Art In Our Time
A History of The Museum of Modern Art
Edited by Harriet Schoenholz Bee and Michelle Elligott. Foreword by Glenn Lowry.
In the late 1920s, conservative policies were the norm among traditional museums--that is, until three progressive patrons of the arts decided to establish an institution devoted exclusively to modern art. When The Museum of Modern Art was founded in 1929, its first director, Alfred H. Barr, Jr., dedicated it to helping people understand and enjoy the new visual arts of the time, his hope was that this new institution would offer New York "perhaps the greatest museum of modern art in the world." The public responded with enthusiasm--and has continued to do so over the history of the Museum's extraordinary development: from an initial gift of eight prints and one drawing, MoMA's collection has grown to include over 100,000 paintings, sculptures, drawings, prints, photographs, architectural models and drawings, and design objects; 19,000 films and four million film stills; and 160,000 books, artists' books, and periodicals. Published on the occasion of the Museum's 75th birthday and the opening of its new building, Art in Our Time: A History of MoMA, is a picture book of historical photographs and archival documents, many of which have never before been published. Included are images of the various Museum buildings and gardens, from its original home in the Heckscher Building at the corner of Fifth Avenue and 57th Street, to its present location in Yoshio Taniguchi's complex on 53rd Street; installation shots of major exhibitions and important events at the Museum, and photographs of curatorial staff and Museum officials whose discerning policies helped shape our understanding of modern art.

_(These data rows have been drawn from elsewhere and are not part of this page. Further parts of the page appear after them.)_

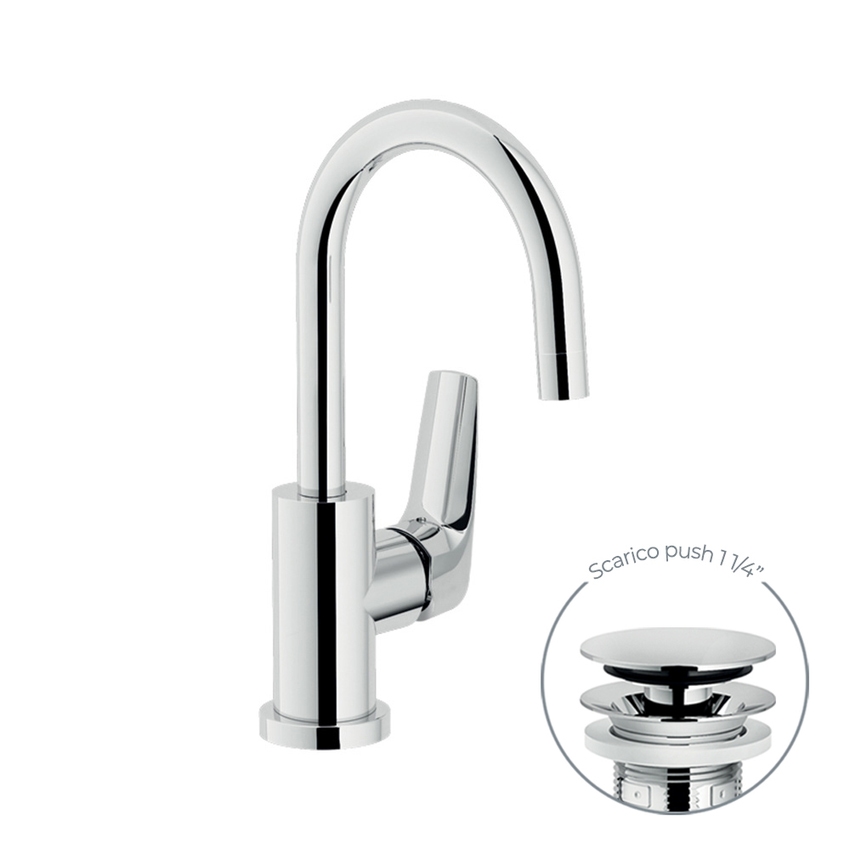 Immagine di Nobili NOBI miscelatore monocomando per lavello, con bocca girevole, con scarico push, finitura cromo NB84338/2CR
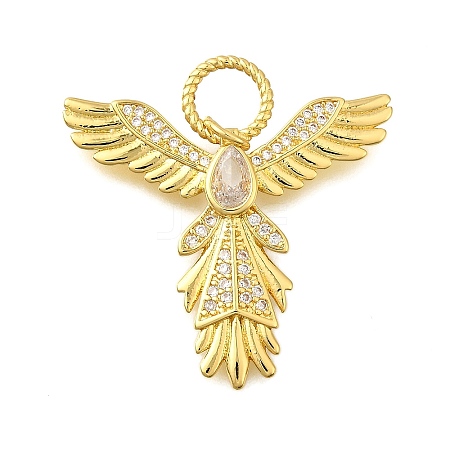 Brass Micro Pave Cubic Zirconia Pendants KK-S523-05G-1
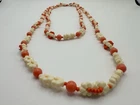 Miriam Haskell Vintage Floral Beaded Statement Necklace Ivory Coral Glass Brass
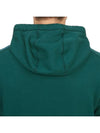 Tape For Print Brushed Cotton Fleece Hoodie Petrol Green - STONE ISLAND - BALAAN 8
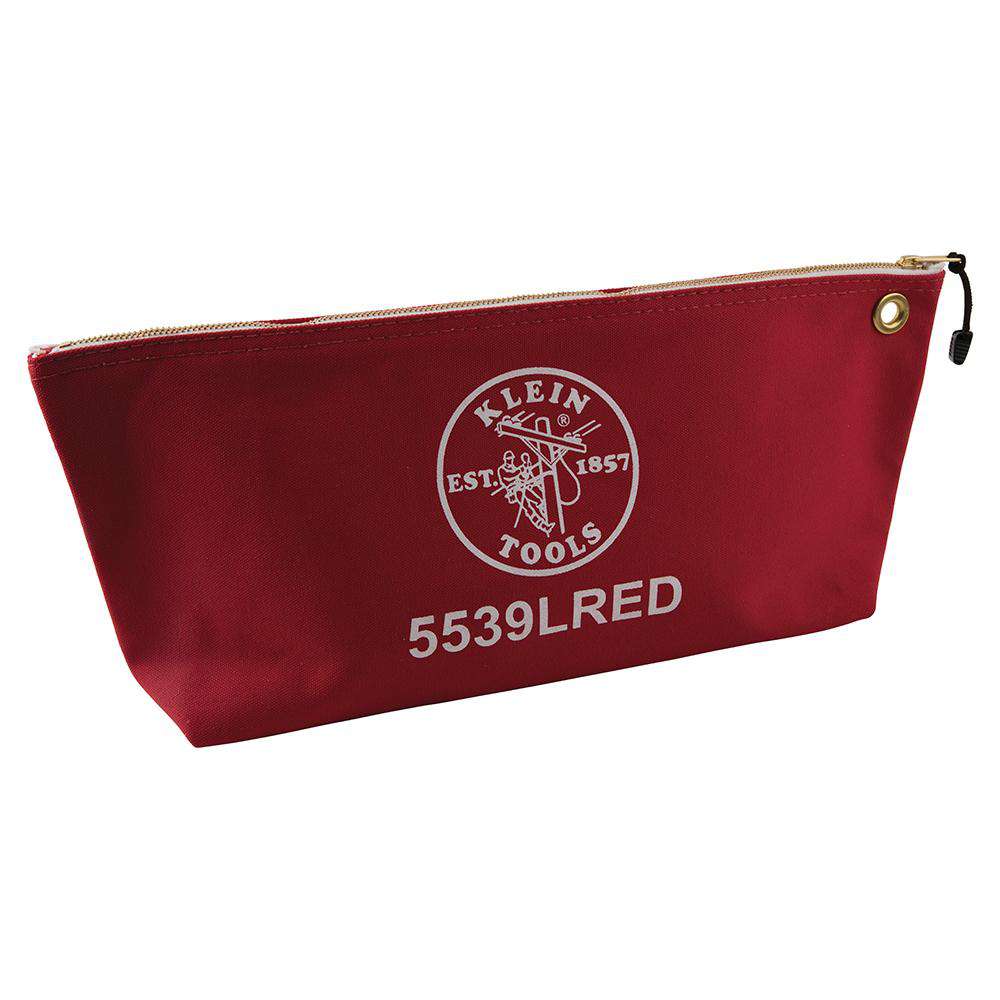 Klein Tools 5539LRED Canvas Bag with Zipper, Large Red - Edmondson Supply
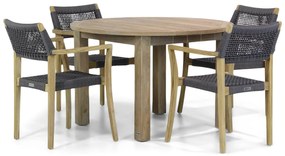 Tuinset Ronde Tuintafel 4 personen 120 cm Rope Grijs  Lifestyle Garden Furniture Dallas/Brighton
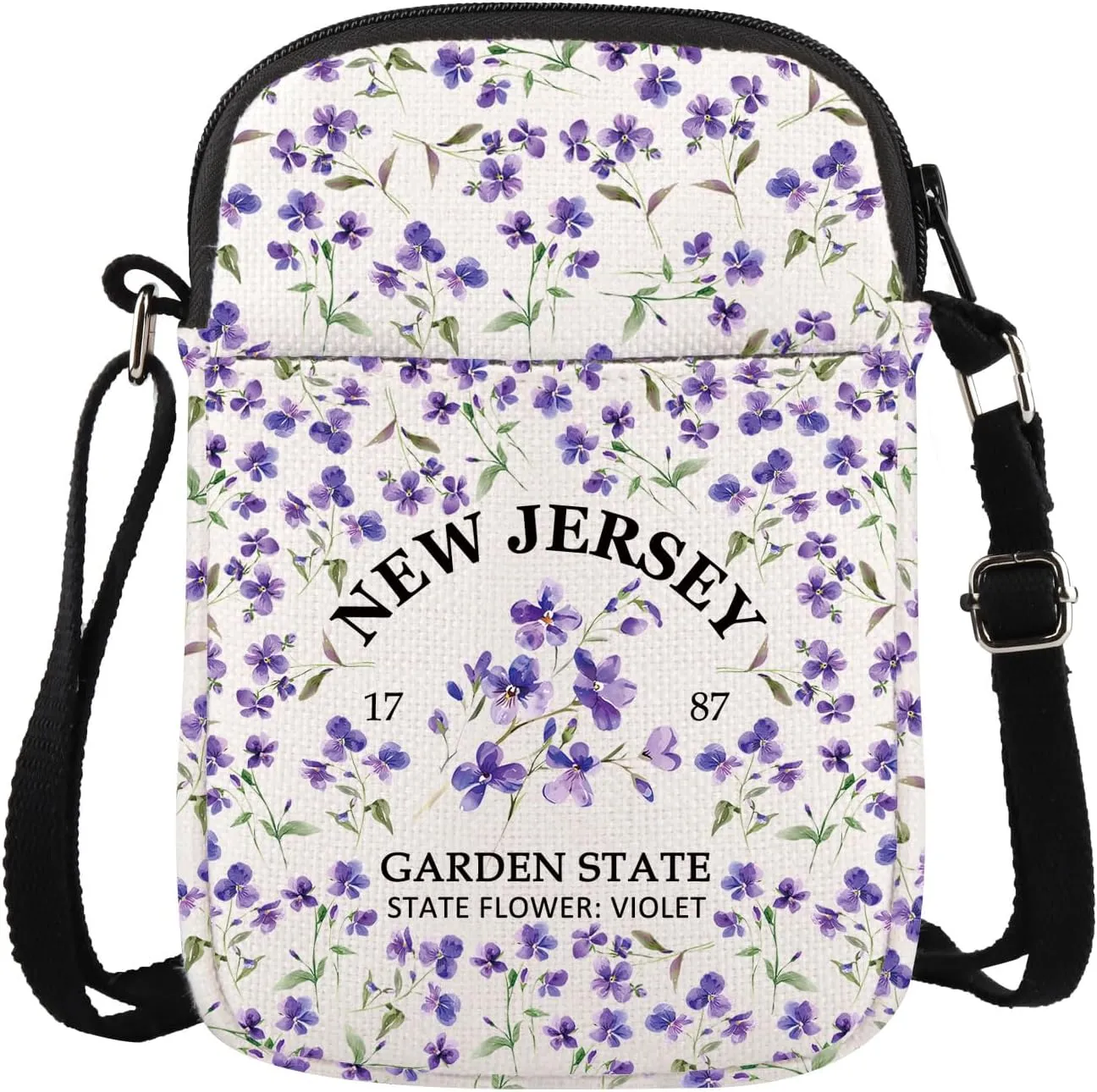 JXGZSO New Jersey Violet Crossbody Bag Violet Shoulder Bag Violet Lovers Gift Flower Lovers Gift New Jersey Souvenir Gift
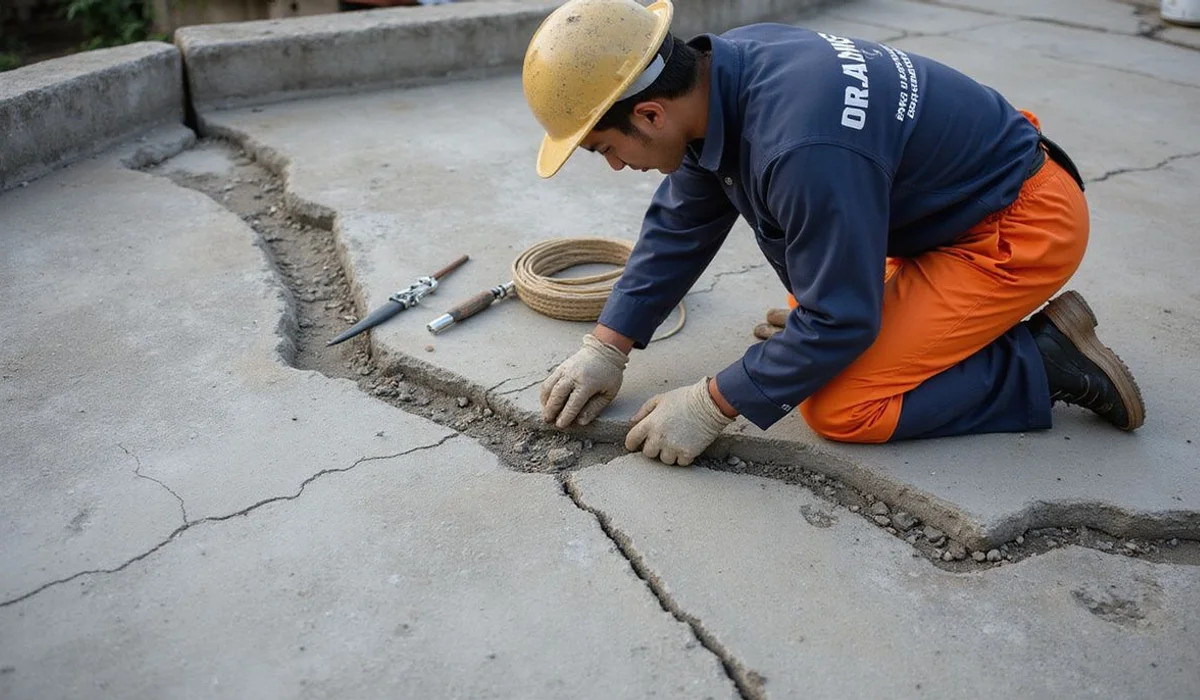 PU injection ports drilled into a concrete slab along a visible crack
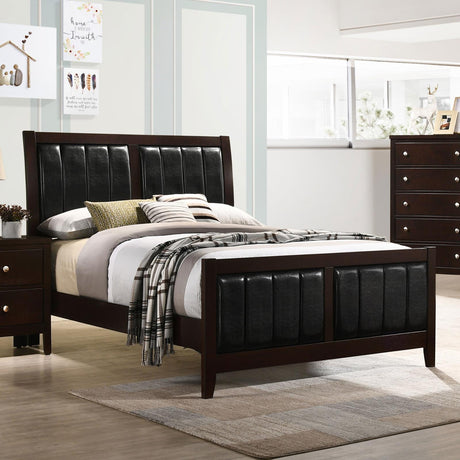 Carlton Cappuccino and Black Full Upholstered Panel Bed from Coaster - Luna Furniture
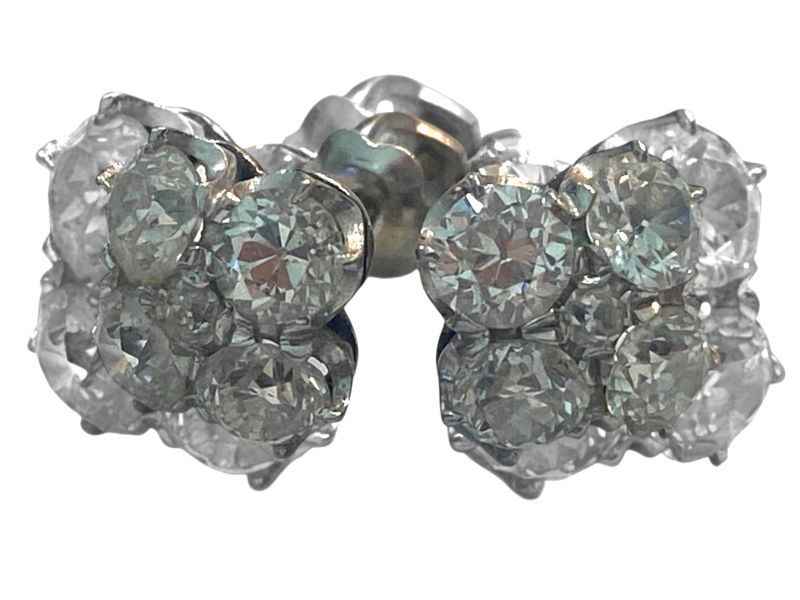 Photo 1 of 14K WHITE GOLD 1cwt DIAMOND EARRINGS 2.9G #27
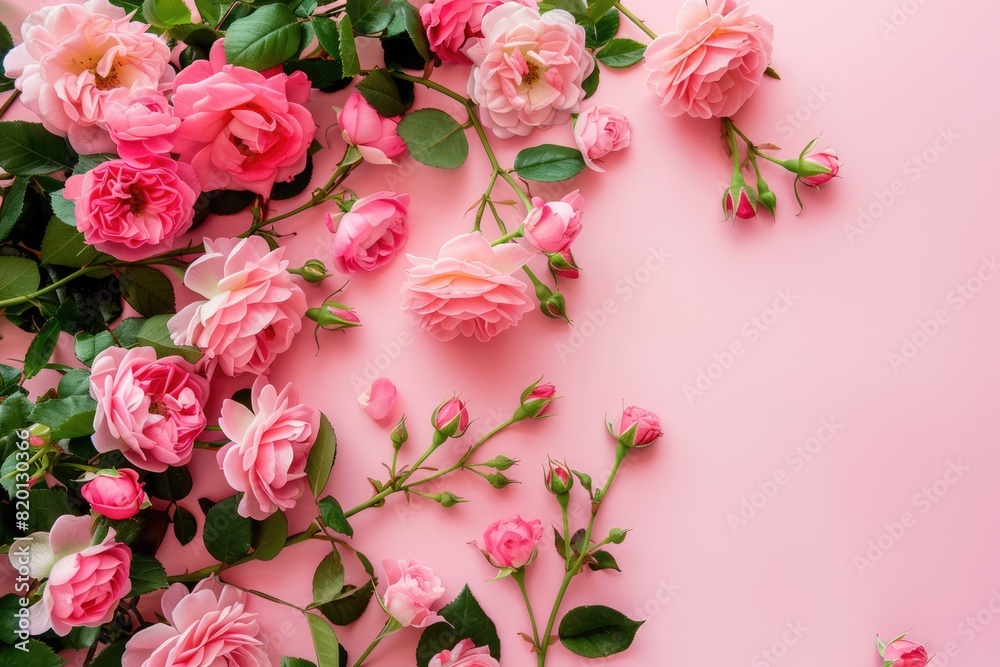 Valentine Birthday. Pink Roses Blank Frame Composition on Pastel Pink Background Valentine Birthday. Pink Roses Blank Frame Composition on Pastel Pink Background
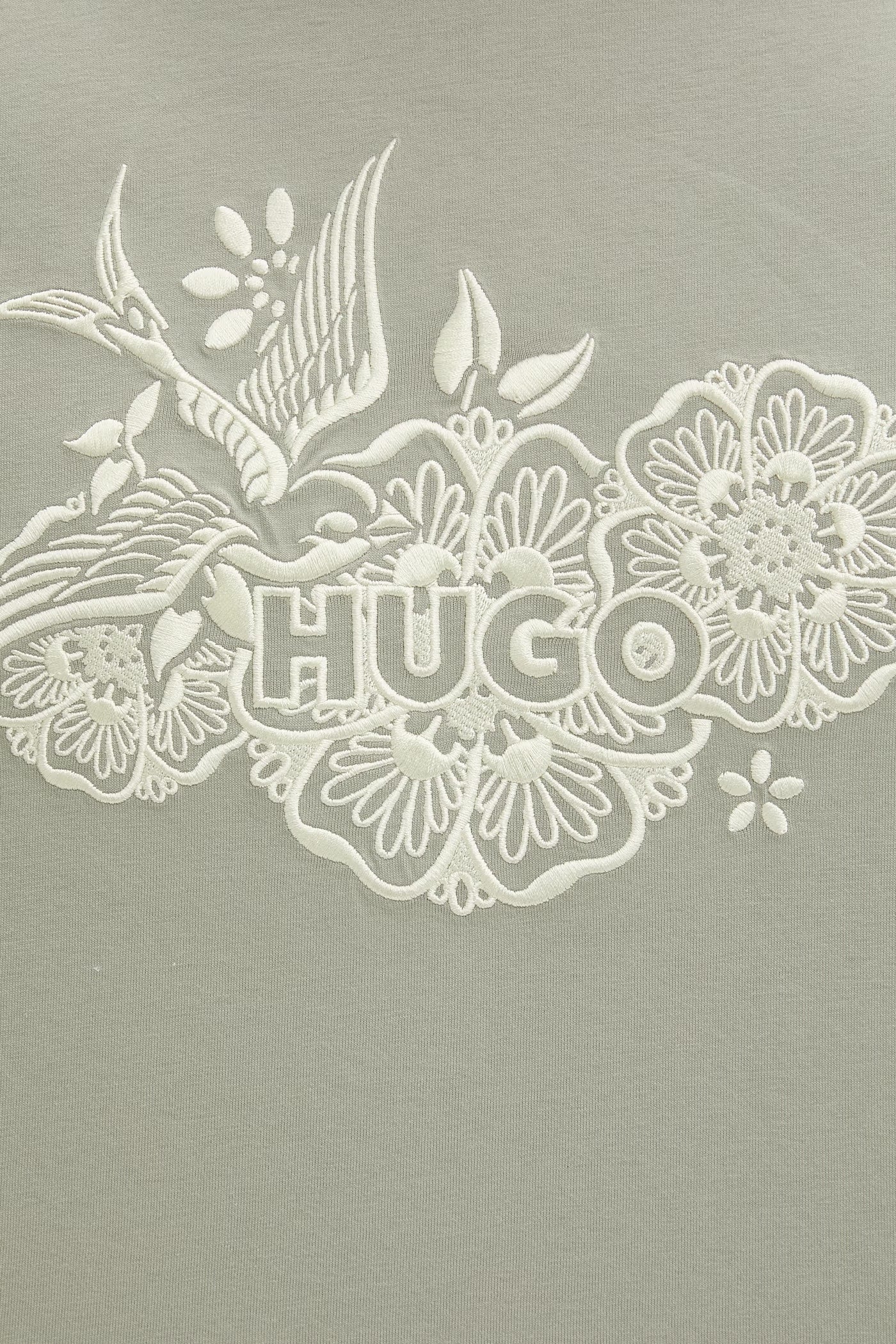 HUGO Menswear Relaxed-Fit Graphic T-Shirt in Open Green – Japanese Crane & Floral Edition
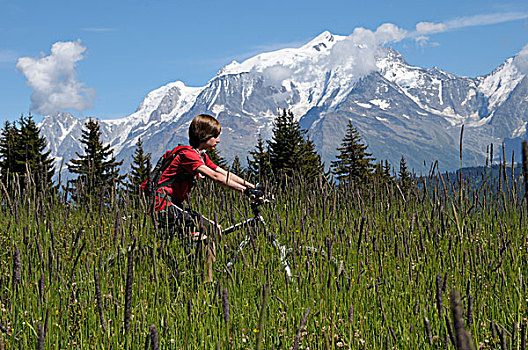 男孩,骑自行车,山峦,阿尔卑斯山,法国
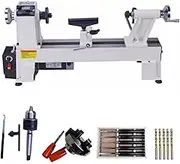 900W Woodworking Lathe, Second Gear Stepless Speed 300-1300RPM/700-3800RPM, With 5 Carbide Turning Tools And 4-inch Linkage Chuck, For Woodworking DIY Wood Turning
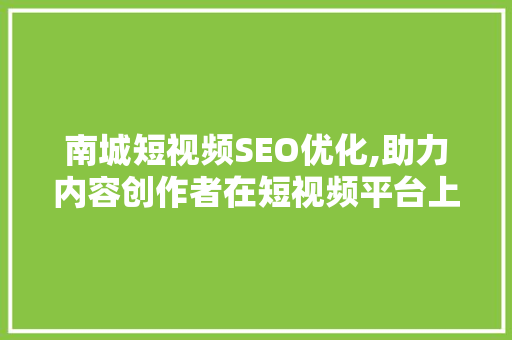 南城短视频SEO优化,助力内容创作者在短视频平台上脱颖而出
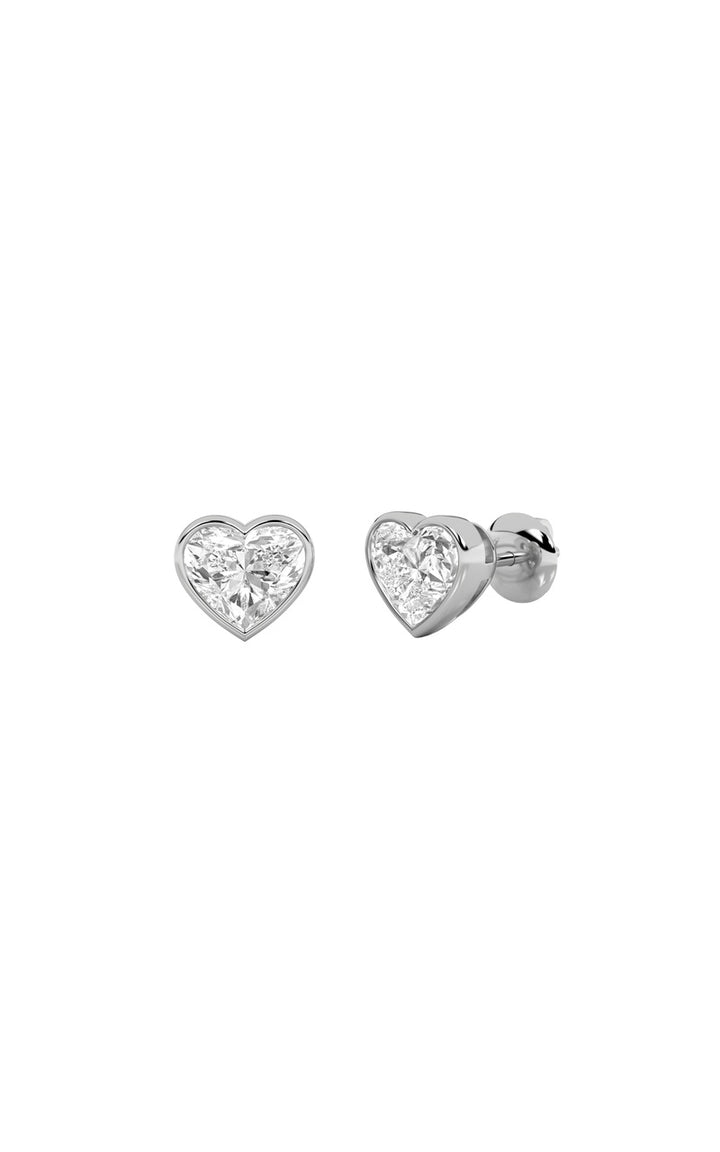 2Cttw Heart Shaped Lab Grown Diamond (F/VS) Bezel Set Stud Earrings in 14K Gold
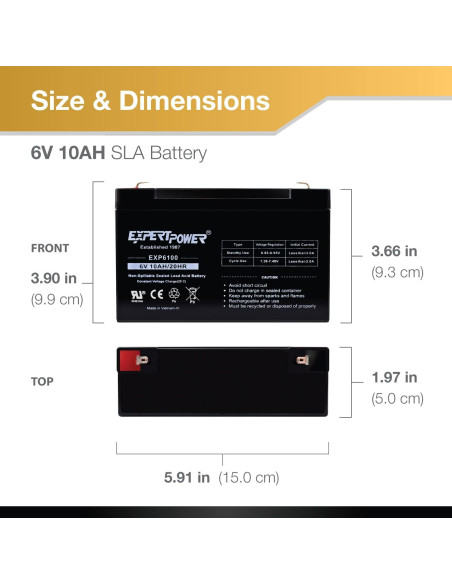 Batería de Plomo Sellada 6V 10AH ExpertPower con Terminal F1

Documents include excerpts from letters, invitations, and other archival material that tell the story of The Museum of Modern Art from its beginnings to the present. The book is divided into eight sections starting with documentation of the modern art scene in New York prior to the Museum's opening; and then offering a chronology that covers the museum's 75-year history in seven parts divided into 10- to 15-year increments.